Scraped caption text data -
####################

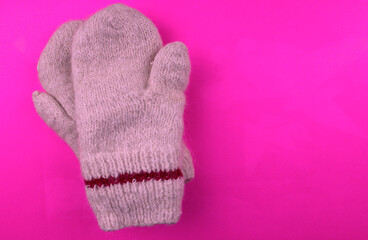 Knitted warm mittens on a pink background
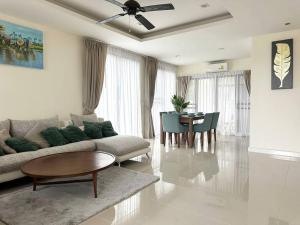 a living room with a couch and a table at Friendly Townhouse Laguna Park in Thalang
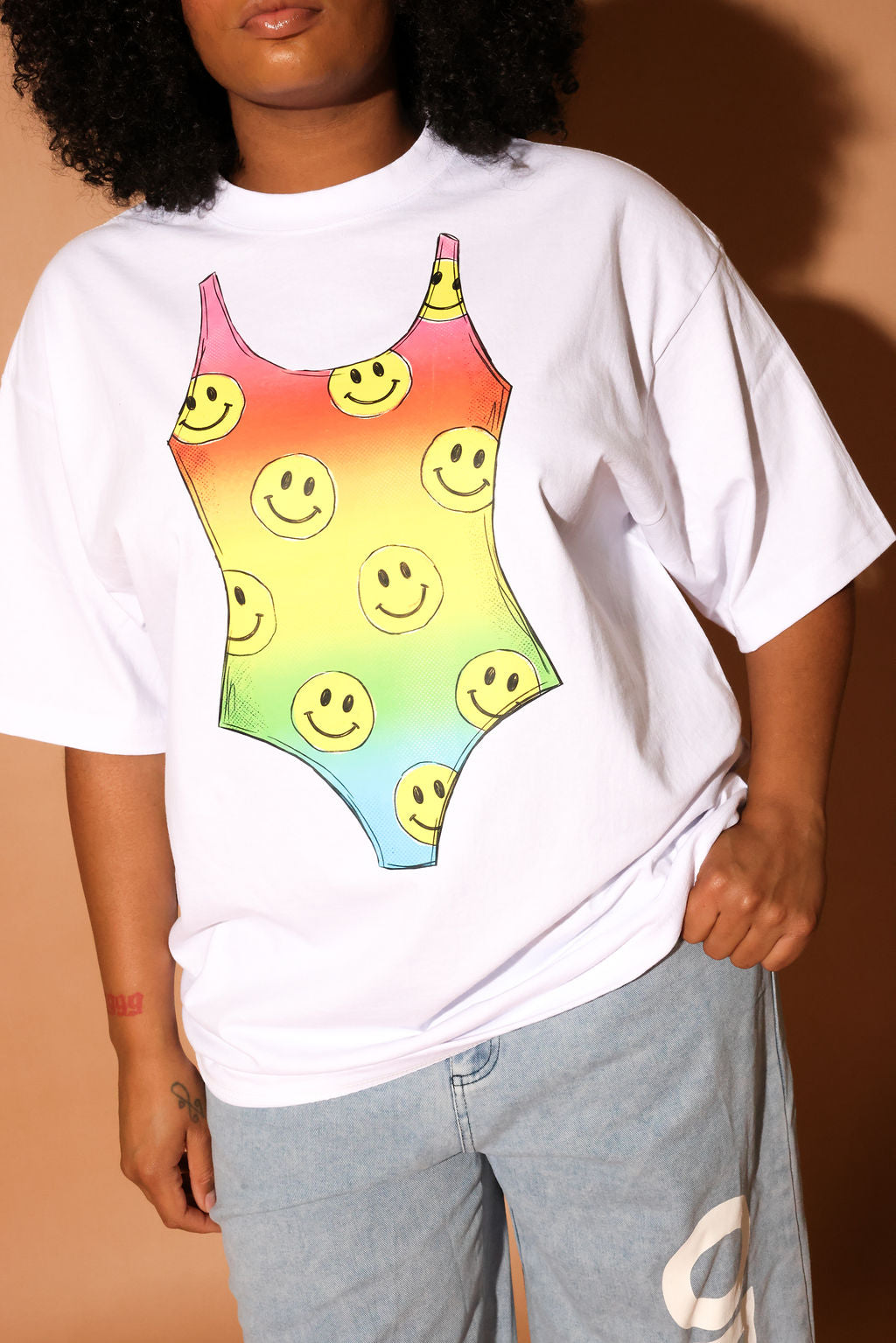 Model wearing a white t-shirt with a colorful swimsuit graphic and light blue jeans on a beige background, close up frontal view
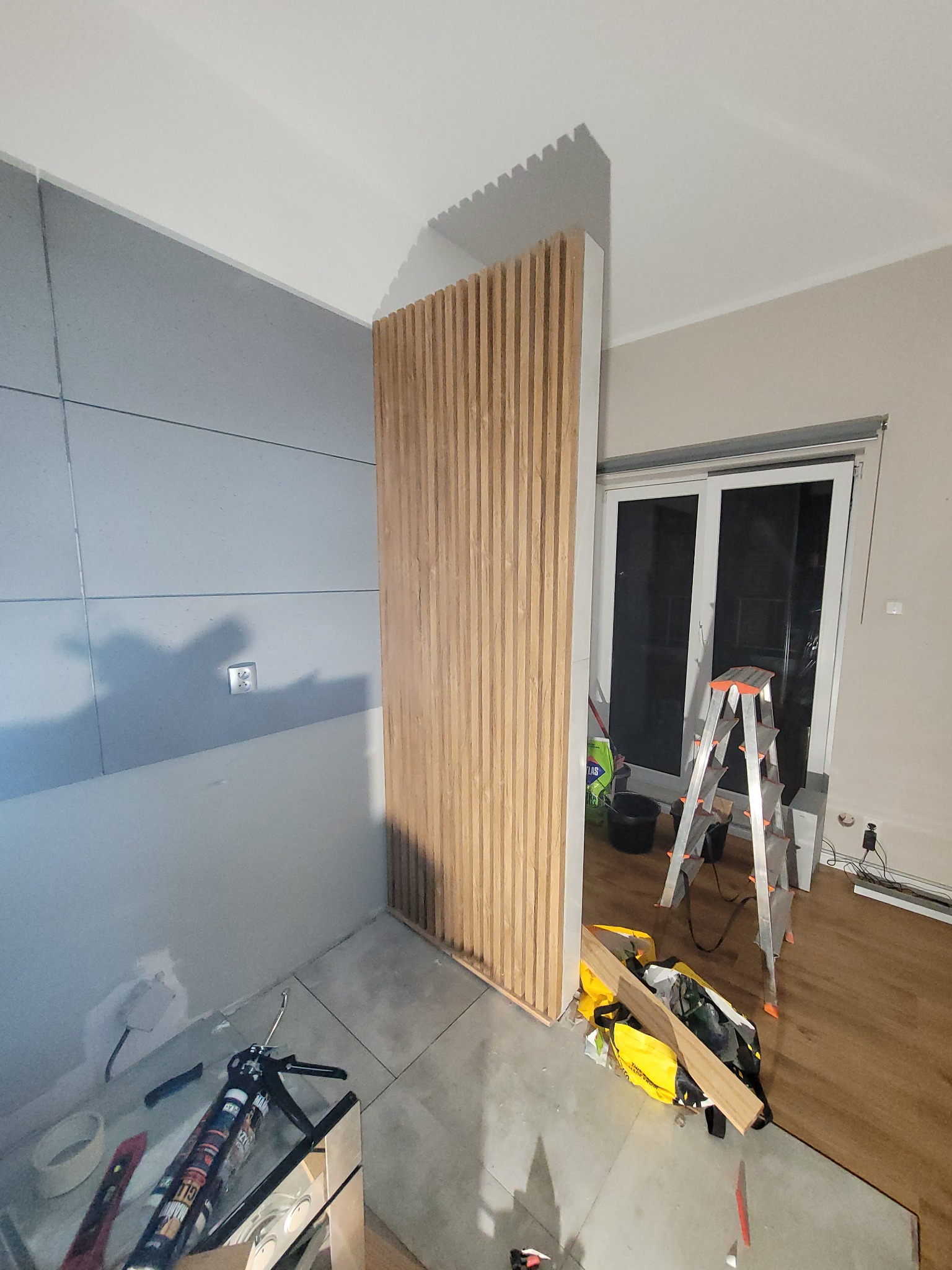 Montaż drewnianej ścianki działowej z lameli w pomieszczeniu z przygotowaną ścianą z płyt gipsowych, widoczne narzędzia i drabina.
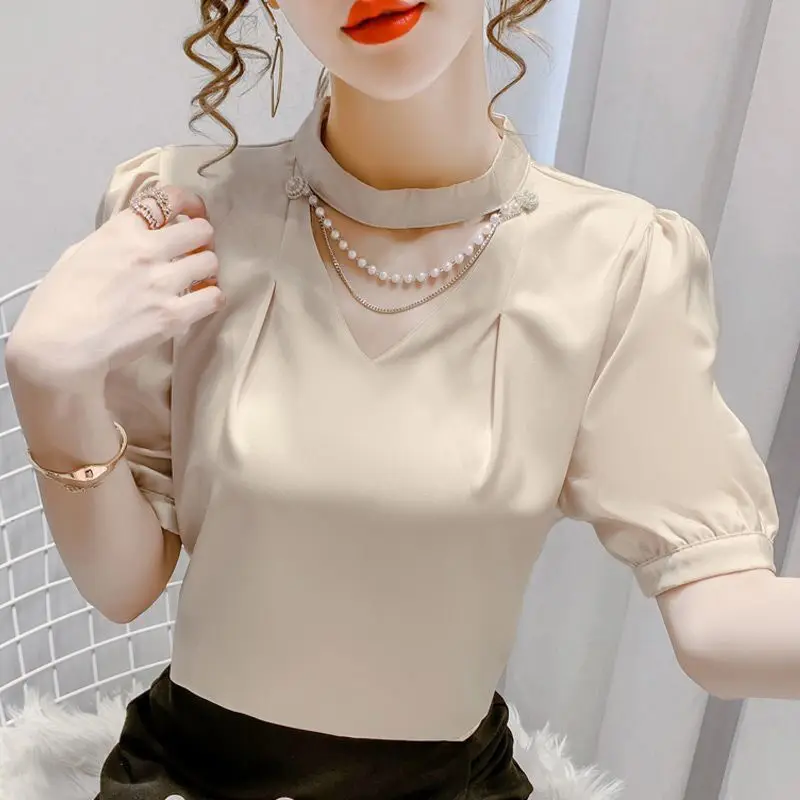 

Short -sleeved chiffon shirt female loose pearl chain hanging neck shirt 2022 summer new style foreign pure blouse top female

####################

TASK TO COMPLETE -
Please output every record above exactly. Leave the pictures out.

YOUR RESPONSE -
 Knitted warm mittens on a pink background
 a living room with a couch and a table at Friendly Townhouse Laguna Park in Thalang
 Model wearing a white t-shirt with a colorful swimsuit graphic and light blue jeans on a beige background, close up frontal view
 Montaż drewnianej ścianki działowej z lameli w pomieszczeniu z przygotowaną ścianą z płyt gipsowych, widoczne narzędzia i drabina.

Short -sleeved chiffon shirt female loose pearl chain hanging neck shirt 2022 summer new style foreign pure blouse top female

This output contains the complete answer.